I was sitting in a programming meeting today. It was around 4:45 or so, and two of my colleagues at the other end of the table was showing his blackberry to someone else. A few minutes passed, and she showed hers back to him, and one of them said, “Heath Ledger was just found dead.” It took everyone in the room by surprise … nothing unique there. When we got back to our main office later, apparently everyone there had been doing nothing but refreshing TMC and The New York Times and wherever else they could read the latest gossip.

Who knows what happened to Ledger. His family in Australia now seems to say that he had been suffering from pneumonia for the past couple weeks. A friend of mine sent me a passage from a newspaper story a couple months ago in which Ledger discussed the emotional difficulties he encountered from playing The Joker in Christopher Nolan’s Batman sequel The Dark Knight, which opens this summer. Apparently this version of the character is so disturbed and demented that it played a part in Ledger having trouble sleeping, and so he would find himself taking a sleeping pill or two just in an attempt to get more than one or two hours sleep in a night. There have been other reports that he took his recent break-up from Michelle Williams especially hard.

I would ask “who cares?” if I didn’t know that in our society everyone does. I don’t ask that question to be crass or insensitive because I don’t ask it in terms of “Who cares about Heath Ledger?” Rather, I mean, “Who cares how he died?”

Obviously … still everyone. But at the end of the day, Ledger’s death — like so many other talented people before him, including Brad Renfro just last week — whether purposefully self-destructive or completely accidental is just one thing: sad. Was it suicide? Did he accidentally take too many sleeping pills because he just wanted to sleep? Was he using any other drugs again recently? All these questions will likely be answered one way or another in the next few days, but that doesn’t stop 100 rumors from being thrown out to the world before being retracted (or not) simply because people find some sort of joy even in some form of sadness. Ledger got to lead the high life — and now, he flew too close to the sun. Or … he didn’t. He just made an accidental and fatal mistake.

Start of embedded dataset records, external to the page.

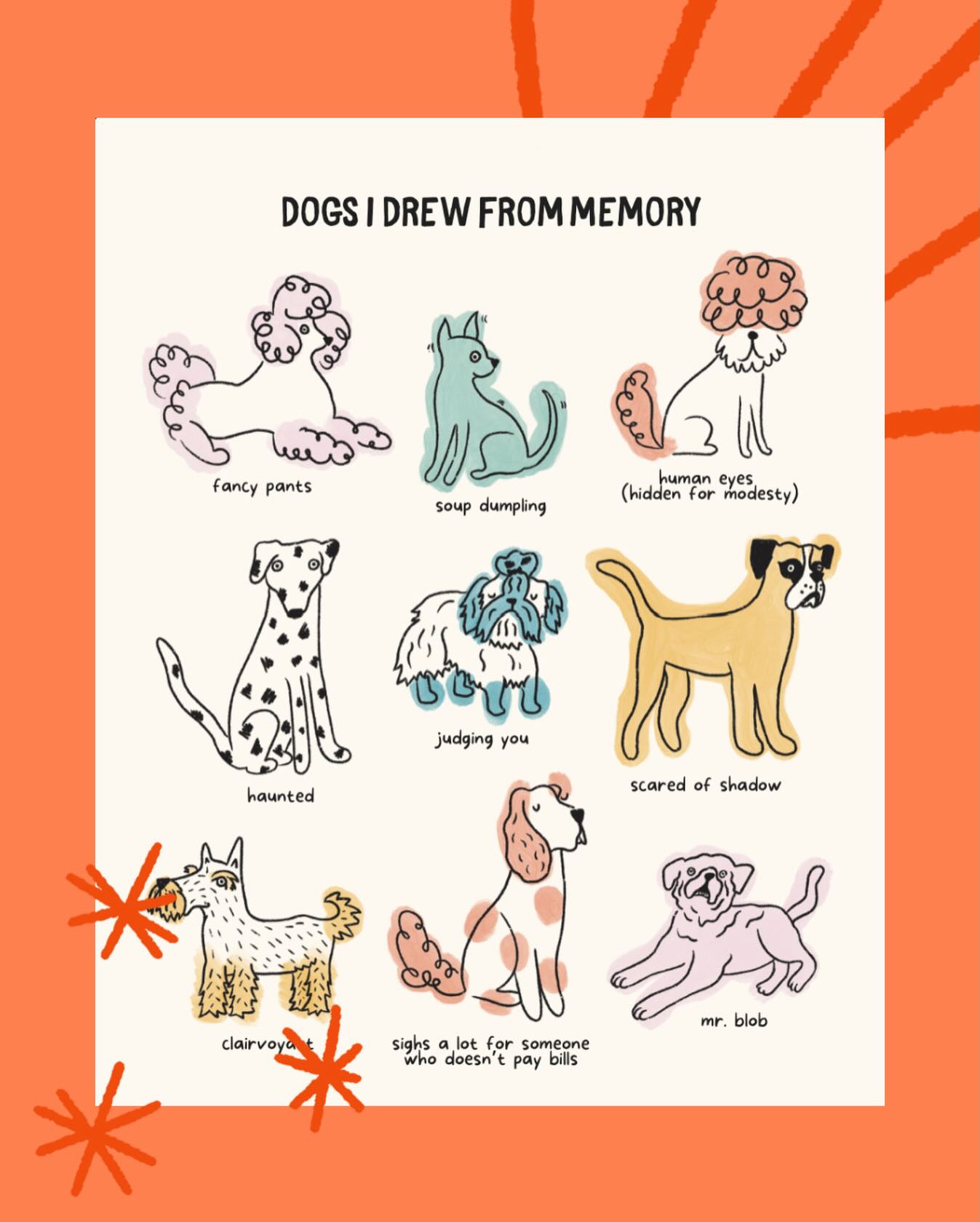 ✨ dogs I drew from memory ✨
alternate titles:
· dogs that came to me in a dream
· sleep paralysis demons
· dogs my dog told me about
#DogsOfInstagram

Ledger had, at least to my mind, come a long way over the last decade of his consistently growing stardom. Even in something silly like 10 Things I Hate About You, he had a compelling screen presence. That grew into a significant acting talent, exposed beautifully in Brokeback Mountain, and, if one could base such a thing on a trailer (which one can’t, but I’m going to anyway), his looks and posture and facial expressions alone make his Joker look like it’s going to be something special. As an enormous Batman Begins fan — a film which I still consider to be the best of 2005 — I eagerly anticipate Nolan’s sequel, and Ledger is one of the main reasons why.

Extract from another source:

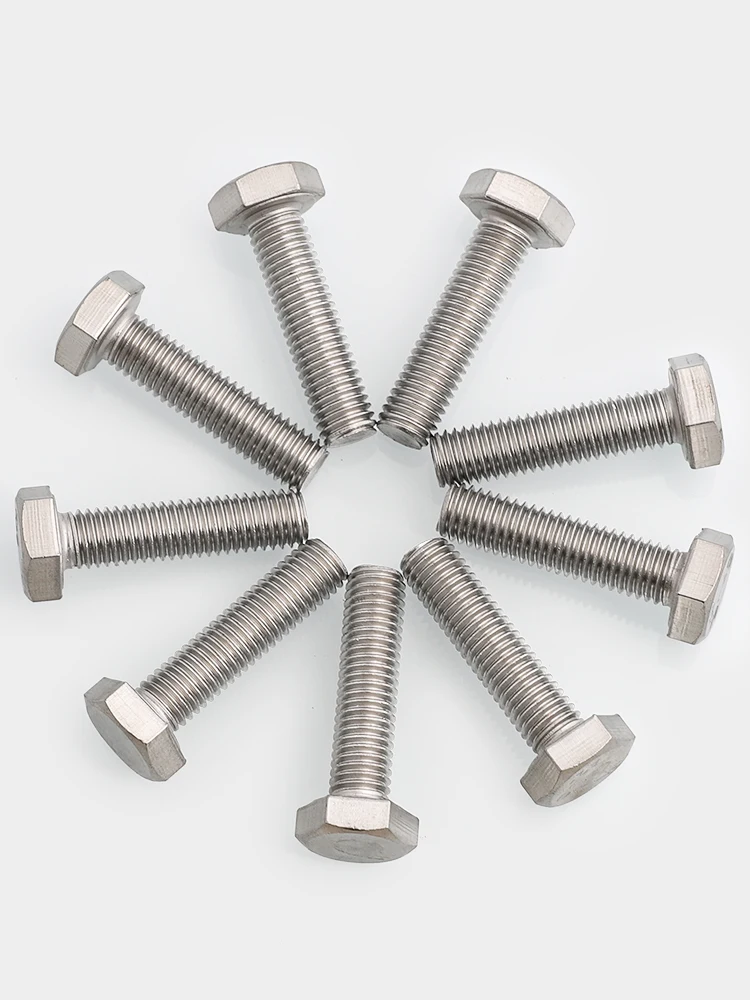 M3 M4 M5 M6 M8 M10 304 acier inoxydable filetage complet vis hexagonale externe boulon à dents complètes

It’s just sad, in all definitions and connotations. And yet, whenever something like this happens, I wonder, “Why and how him?” Not because I’m wishing it was someone else instead, but simply because of the curiousity and seeming randomness of it all.

I always flash back to that night in 1993 when I was driving down Sunset Blvd on my way home, noticing a crowd of people on the sidewalk in front of The Viper Room. An ambulance coming from the other direction turned through the intersection in front of me. I had no idea what had happened, and continued driving home. The next morning, I was at a press junket when a friend came up and told me that River Phoenix had died, and putting two-and-two together, I suppose I drove by as he lay dying.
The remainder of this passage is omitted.